Life in the digital age is empowered by networks, bits, bytes, IP, web, the internet, tablets, mobile devices, and the list goes on. Digital is the de facto standard for the commercial world and now it’s ubiquitous in today’s homes, including multi-room audio, computer networks, surveillance cameras, communication systems, lighting, energy management, security systems, home theatres, home control and more.
It’s all about connectivity so let’s take a look at how it works in the digital building of today. And in order to best highlight the possibilities of these technologies to your clients, tell them to imagine a house made of puzzle pieces, one for each of the systems in the home:
Environment and energy management
Security, health and safety
Power monitoring, protection and back-up
With all the benefits and interest in digital living, the market is opening wide. For years, many have predicted a plug-and-play world for installation of electronics. Products and interoperability have improved dramatically over the past decade, yet growth in technology is still faster than product enhancements, requiring installation and interconnection by trained and qualified technicians.

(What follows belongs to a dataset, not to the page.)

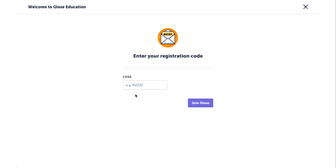Once they enter the code, students will be prompted to create an account. Once their account is created, they will automatically be joined to your classroom.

The skill set required is different than that of the electrician, the traditional wire installer in the home. The professional contractors serving the home provide electrical, plumbing, and HVAC now need the fourth trade – the company delivering digital living, the electronic systems contractor. The ESC includes the person performing the work in the field, called an electronic systems technician (EST), and the person doing advanced setup, programming and ongoing support known as a DTIP, digital technology integration professional.
Those in the industry know the benefits of digital living and the good news is the world is catching on fast. I have been watching and waiting for this for 20 years and am excited to have the opportunity to share my insights here during 2012.